Purpose The present study aimed to determine the safety and efficacy of a drug-coated balloon inflated within a thin-strut self-expanding bare-metal stent in patients with severe and complex femoropopliteal occlusive disease. Methods This prospective study used the Pulsar-self-expanding stent and Passeo-18 Lux drug-coated balloon in patients with severe and complex femoropopliteal occlusive disease. The primary endpoint was the 12-month primary patency, and the secondary endpoints included 24-month primary patency, assisted primary patency, secondary patency, and clinically associated target lesion revascularisation. Results The study included 44 patients (51 limbs). The mean age of the patients was 67.6 ± 10.2 years, with 73% men.
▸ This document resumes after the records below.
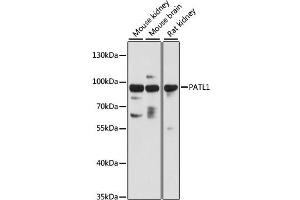 Image no. 1 for anti-Protein Associated with Topoisomerase II Homolog 1 (PATL1) antibody (ABIN6293952)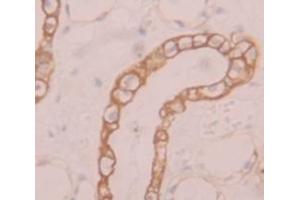 IHC-P analysis of Human Tissue, with DAB staining. (SLC39A6 anticorps  (AA 29-325))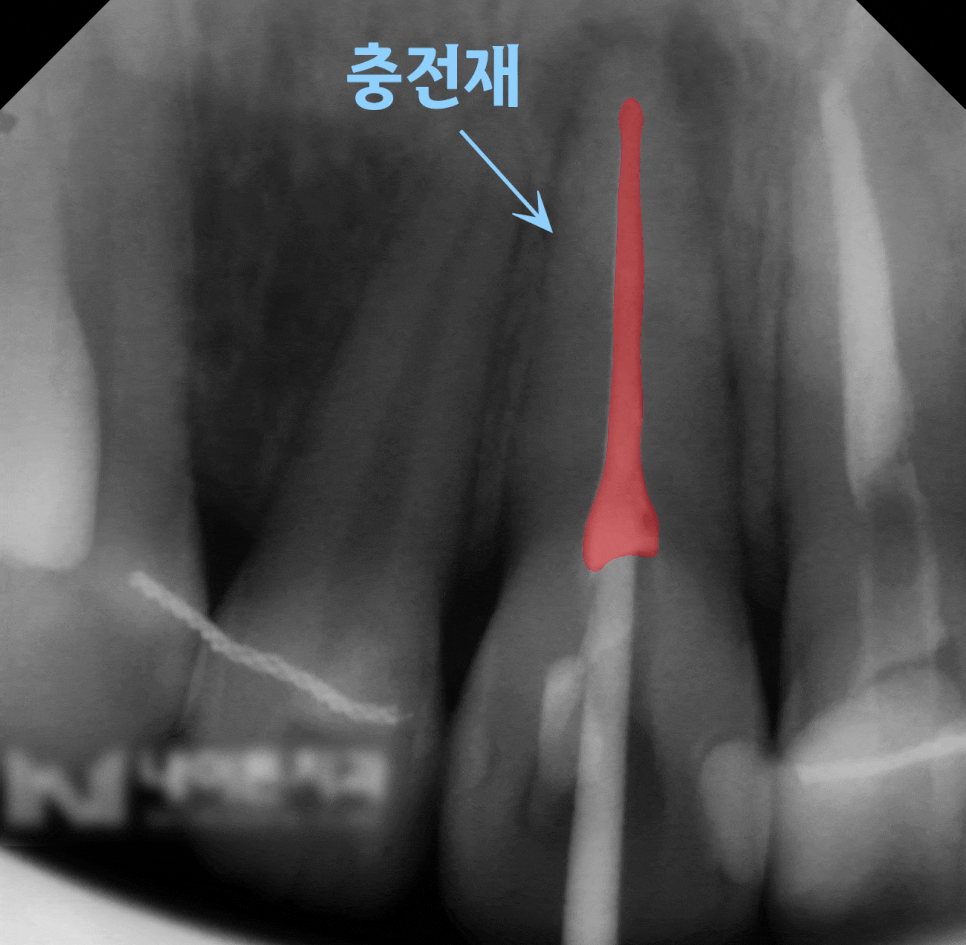 Treatment case image 3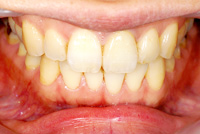 審美歯科　症例1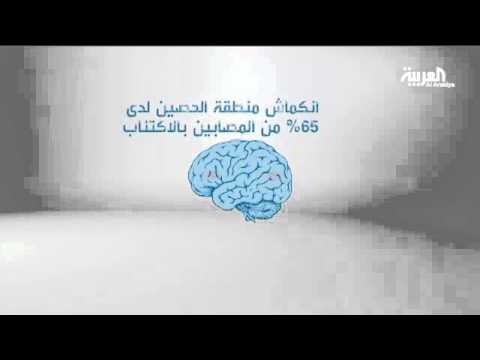 بالفيديو الاكتئاب يسبب انكماش خلايا المخ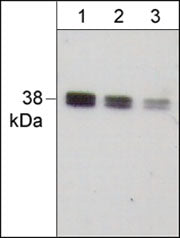 Western blot image of human A431. The Blots were probed with anti-IκBα (C-term.) polyclonal antibody at a dilution of 1:500 (lane 1), 1:1000 (lane 2), and 1:2000 (lane 3).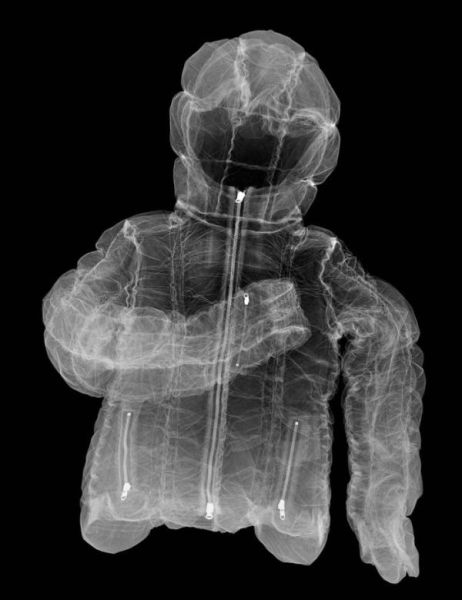 Cool X-Ray Pictures (15 pics)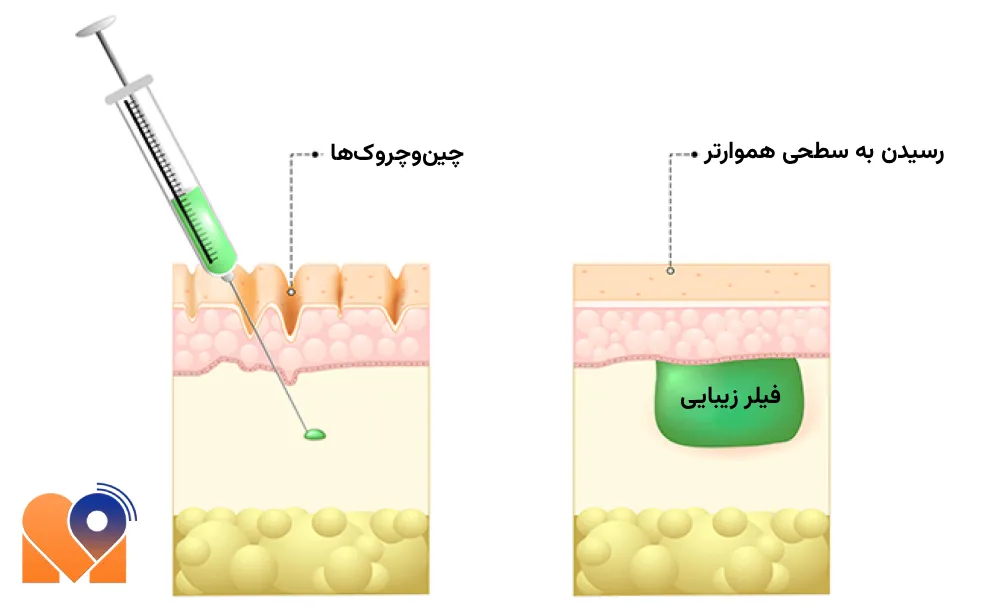 بهترین دکتر تزریق فیلر
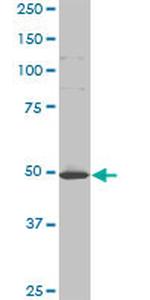 HD Antibody in Western Blot (WB)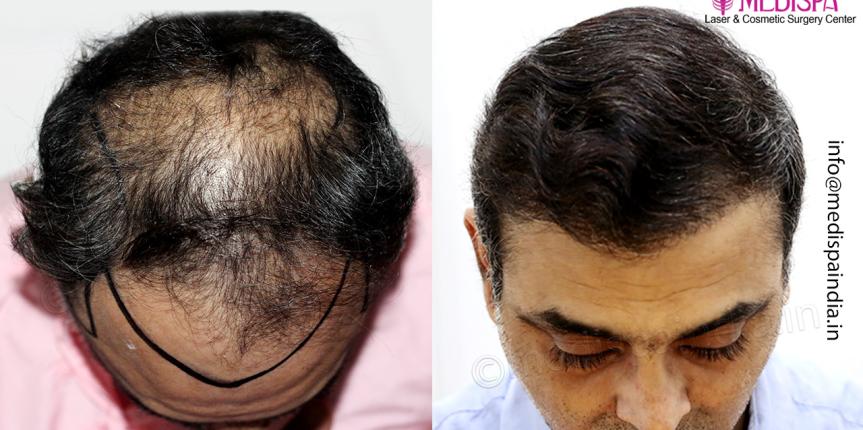 best hair transplant result india delhi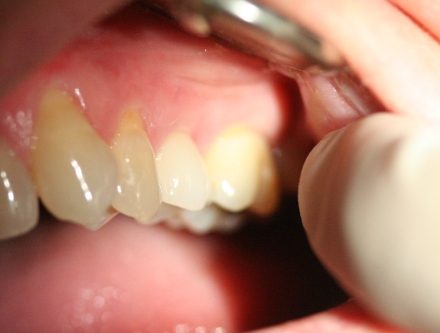 cosmetic dental implant crown by Mark Dennis, DDS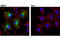 GFAP antibody, 3670S, Cell Signaling Technology, Immunocytochemistry image 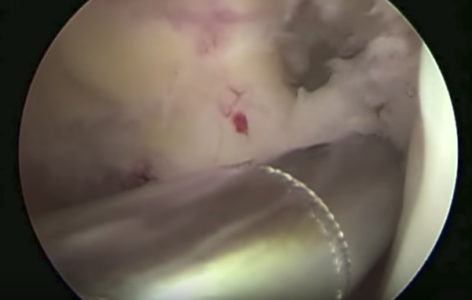 Anatomic ACL Reconstruction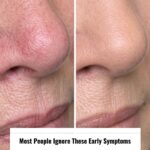7 Signs of Mini Stroke in The Elderly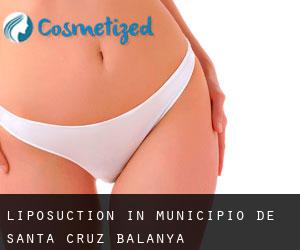 Liposuction in Municipio de Santa Cruz Balanyá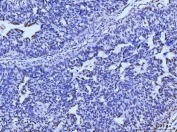 IHC staining of FFPE human bladder epithelial carcinoma tissue with Meiotic recombination 11 antibody. HIER: boil tissue sections in pH8 EDTA for 20 min and allow to cool before testing.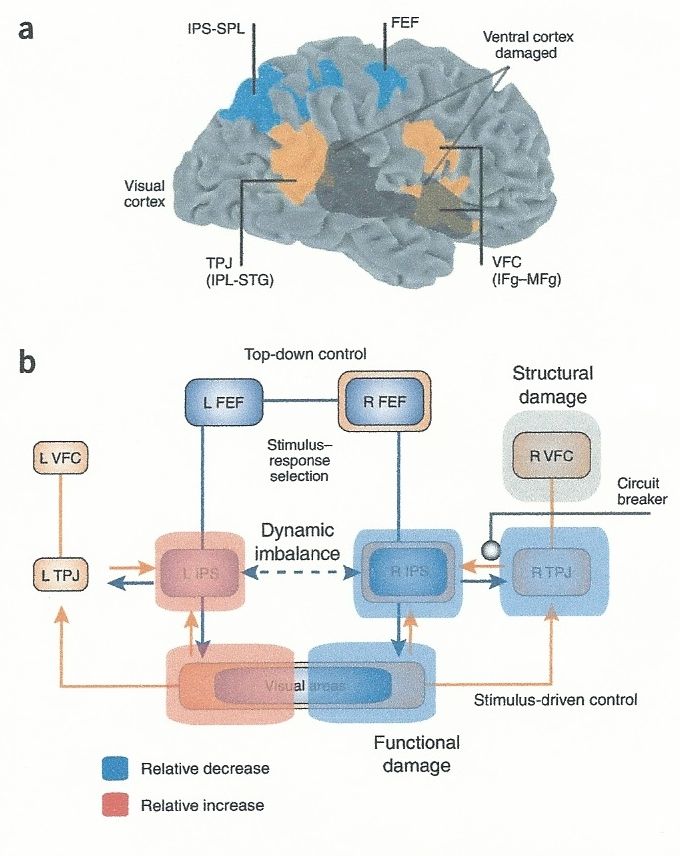 半側空間無視の病態神経学 前頭 頭頂葉ネットワークの機能結合の破綻 Keep On Thinking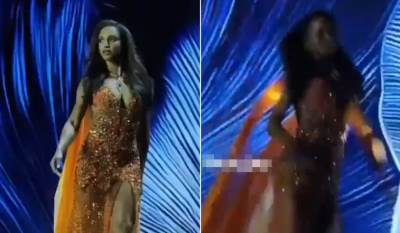  Mis Jamajke koja je propala kroz binu na takmičenju objavila slike iz bolnice 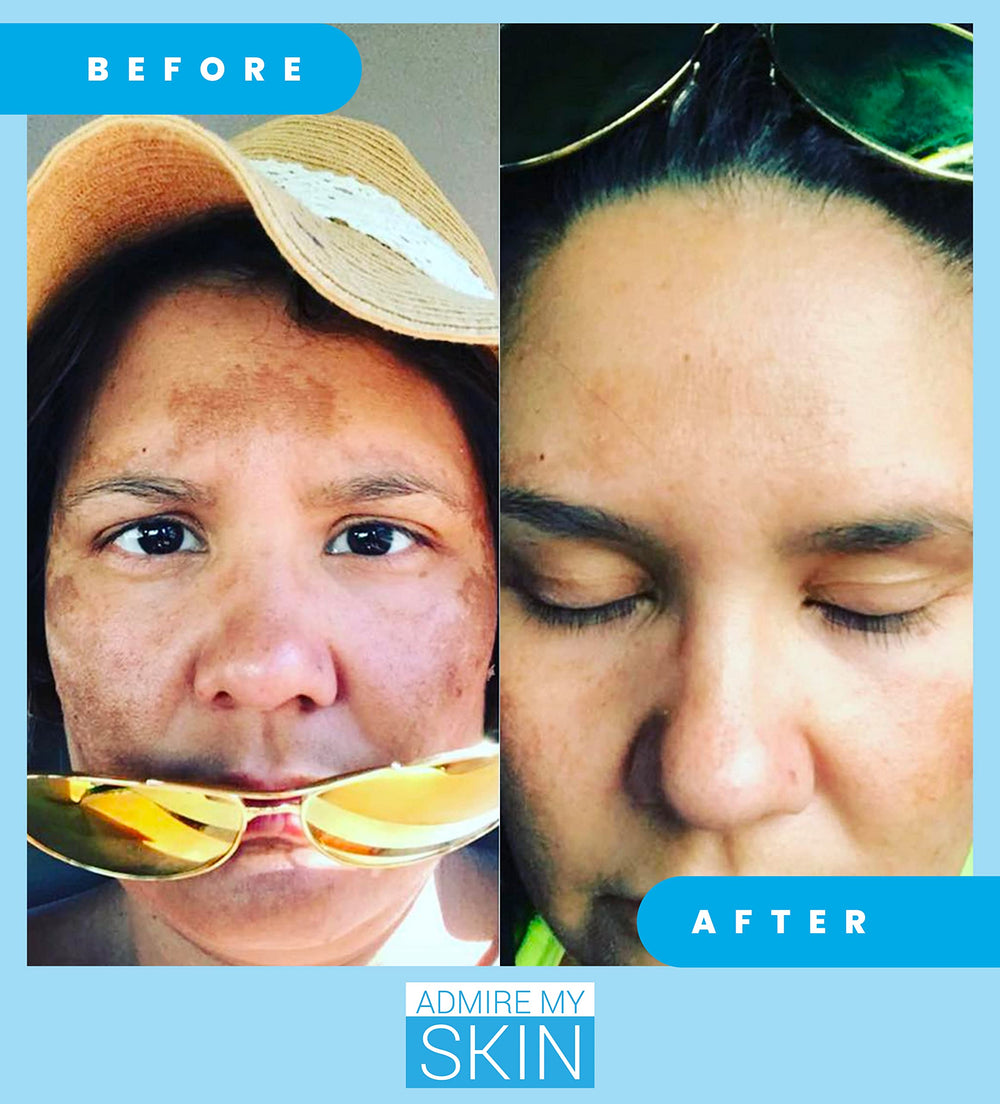 Admire My Skin serum texture close-up highlighting light fast absorbing formula.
Chronic limb severity was classified as Rutherford Category III in 41% of the patients, stage IV in 31%, and stage V in 27%. Lesions were predominantly Trans-Atlantic Inter-Society Consensus (TASC 2007) D (51%) and C (45%), with 32 (63%) chronic total occlusions. Procedural success was obtained in all cases. The mean lesion length was 200 ± 74.55 mm (95% CI = 167.09–208.01) with a mean number of stents per limb used of 1.57 ± 0.70 (95% CI = 1.37–1.76). Distal embolisation occurred in two patients. The primary patency rates at the 12- and 24-month follow-up were 94% (95% CI = 82.9–98.1) and 88% (95% CI = 75.7–94.5), respectively. The assisted primary was 94% (95% CI = 82.9–98.1) and secondary patency was 96% (95% CI = 85.2–99.0) at 24-month follow-up. The cumulative stent fracture rate at the 24-month follow-up was 10%. Freedom from clinically driven target lesion revascularisation was 94% (95% CI = 83–98%) at 12-month follow-up and 88% (95% CI = 76–94%) at 24-month follow-up, with two patients requiring a bypass graft. Conclusion Our novel approach involving the combination of a thin-strut bare-metal stent and a drug-coated balloon may be safe and effective, with sustainable and promising clinical outcomes up to 24 months after treatment.